Task to complete →
The answer is the full listing below, copied exactly, with its pictures omitted.

Recorded information →
************

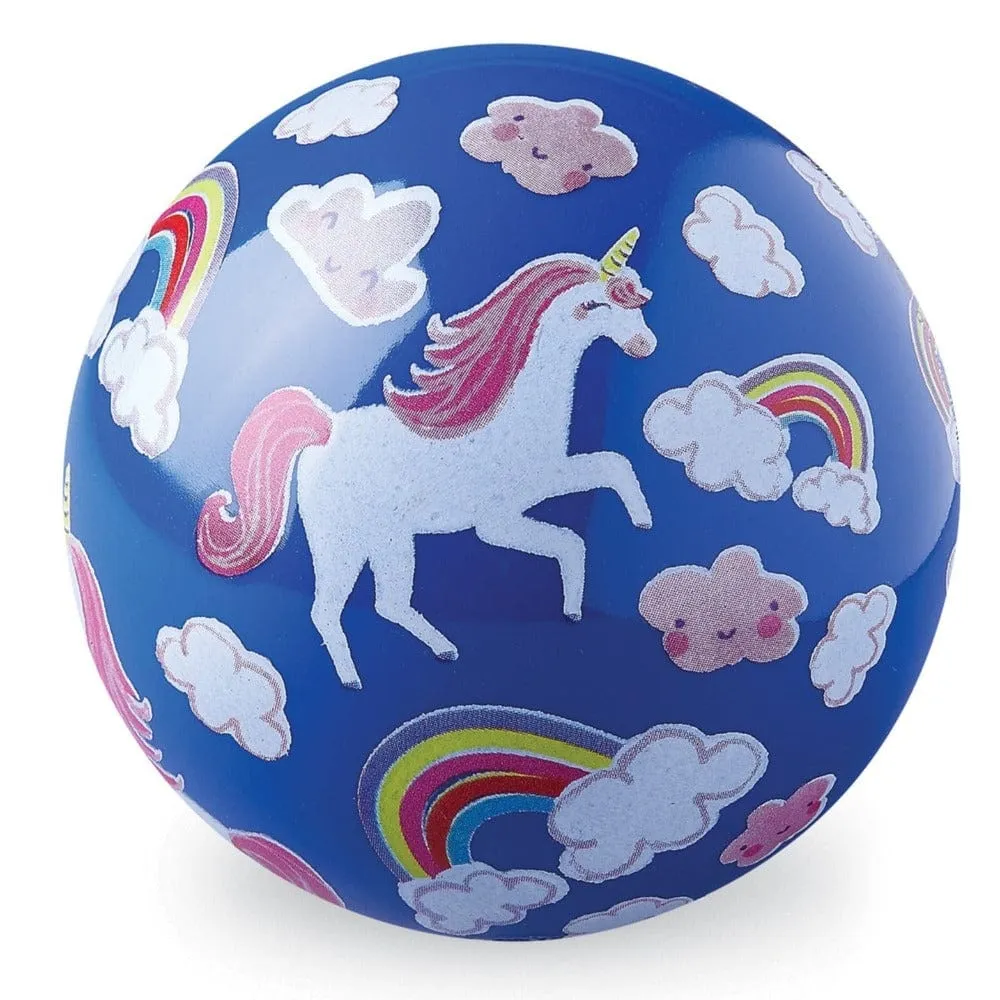 4" Pop Play Ball (Assorted Styles)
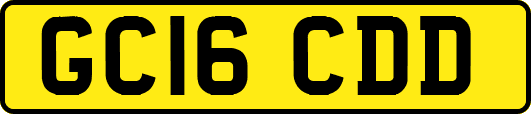 GC16CDD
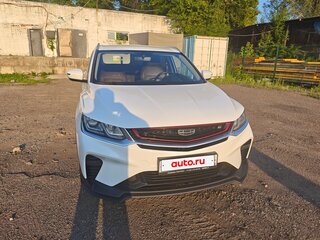2021 Geely Coolray I, белый, 1550000 рублей, вид 2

************

Written solution →
 4" Pop Play Ball (Assorted Styles)
 GC16CDD
2021 Geely Coolray I, белый, 1550000 рублей, вид 2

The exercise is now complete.